Volver a casa
LE digo que, siempre que pueda, vuelva acompañada; que prefiero que venga más tarde a que vuelva sola. Que si no, que me llame. Que no importa la hora que sea, que salgo a buscarla. Que no quiero que nadie le dé un susto, que ya sé que las calles de esta ciudad son seguras y que no vivimos en el salvaje oeste pero que yo me quedo más tranquila. Y ella también.
Puede ser un comentario, un gesto, una mirada y nuestro corazón se acelera. Salir de trabajar de madrugada, volver a casa tras una noche de fiesta, caminar con miedo y con ansiedad cuando tras cruzar una calle sentimos a alguien caminar unos metros por detrás. Aceleramos el paso y parece que nuestro temporal acompañante también aligera la marcha. Nos volvemos con cautela y comprobamos que es otra mujer con la que compartimos una mirada y ocultamos un gesto de alivio. Una escena demasiado habitual para ellas que pasa desapercibida para ellos. Un miedo con el que nos hemos acostumbrado a vivir, que es habitual, cotidiano. Un temor que se queda incrustado, que se aprende.
Porque se lo recordamos cada vez que tienen que salir a deshoras, porque nos lo recordamos cada vez que enfilamos solas esas últimas calles camino de nuestro destino. Cada vez que frente a nuestra casa no damos con la llave para abrir el portal; cada vez que tenemos que bajar a coger el coche de ese garaje donde se nos ocurrió aparcarlo. Con prevención, con angustia por lo que nos pueda pasar aunque nunca nos haya pasado nada.

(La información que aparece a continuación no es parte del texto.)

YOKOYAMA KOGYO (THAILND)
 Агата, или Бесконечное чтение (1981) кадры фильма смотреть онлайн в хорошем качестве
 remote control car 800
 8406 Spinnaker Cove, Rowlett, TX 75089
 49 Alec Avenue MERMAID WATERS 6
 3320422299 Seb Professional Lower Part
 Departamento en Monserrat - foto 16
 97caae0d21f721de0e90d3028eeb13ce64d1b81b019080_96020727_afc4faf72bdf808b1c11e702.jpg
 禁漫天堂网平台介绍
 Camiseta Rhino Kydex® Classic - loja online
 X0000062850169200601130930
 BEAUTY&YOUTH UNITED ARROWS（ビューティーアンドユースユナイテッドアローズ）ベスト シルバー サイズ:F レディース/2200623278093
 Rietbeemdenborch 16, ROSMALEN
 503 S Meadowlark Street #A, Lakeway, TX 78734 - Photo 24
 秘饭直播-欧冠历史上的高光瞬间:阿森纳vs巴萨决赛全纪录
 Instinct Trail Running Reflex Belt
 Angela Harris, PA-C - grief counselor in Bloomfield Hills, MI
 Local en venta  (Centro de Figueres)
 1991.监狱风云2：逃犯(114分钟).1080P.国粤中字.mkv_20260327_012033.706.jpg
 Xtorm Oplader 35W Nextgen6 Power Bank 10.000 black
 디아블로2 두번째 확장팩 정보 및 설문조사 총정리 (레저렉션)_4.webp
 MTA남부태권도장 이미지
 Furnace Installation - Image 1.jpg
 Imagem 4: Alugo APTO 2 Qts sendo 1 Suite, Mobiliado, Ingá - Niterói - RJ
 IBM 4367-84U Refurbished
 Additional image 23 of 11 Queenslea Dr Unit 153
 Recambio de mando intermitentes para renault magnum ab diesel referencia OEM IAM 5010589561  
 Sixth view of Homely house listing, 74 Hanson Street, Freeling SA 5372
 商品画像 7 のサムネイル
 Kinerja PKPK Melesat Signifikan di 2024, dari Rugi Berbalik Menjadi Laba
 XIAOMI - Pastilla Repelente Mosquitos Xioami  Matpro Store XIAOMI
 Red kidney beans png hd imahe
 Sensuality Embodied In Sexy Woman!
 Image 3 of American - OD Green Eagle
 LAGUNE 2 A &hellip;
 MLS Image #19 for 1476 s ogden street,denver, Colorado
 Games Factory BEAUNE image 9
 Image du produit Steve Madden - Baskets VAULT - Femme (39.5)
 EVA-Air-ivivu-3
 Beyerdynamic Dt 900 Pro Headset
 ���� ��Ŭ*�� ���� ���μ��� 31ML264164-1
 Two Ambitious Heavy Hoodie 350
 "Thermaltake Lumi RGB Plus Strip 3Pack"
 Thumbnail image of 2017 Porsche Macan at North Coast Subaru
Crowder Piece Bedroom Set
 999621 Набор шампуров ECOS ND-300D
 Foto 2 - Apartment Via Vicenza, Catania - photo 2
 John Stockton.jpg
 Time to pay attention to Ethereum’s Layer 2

Somos iguales, sí; tenemos los mismos derechos, sí. Pero a mí me sigue preocupando que ellas tengan que andar solas por ahí cuando ya ha anochecido o cuando todavía no ha amanecido y sigo sintiendo un cierto desasosiego, un no sé qué, cada vez que a esas horas tengo que atravesar las calles de una ciudad. A nosotras nos pasa, ¿y a vosotros?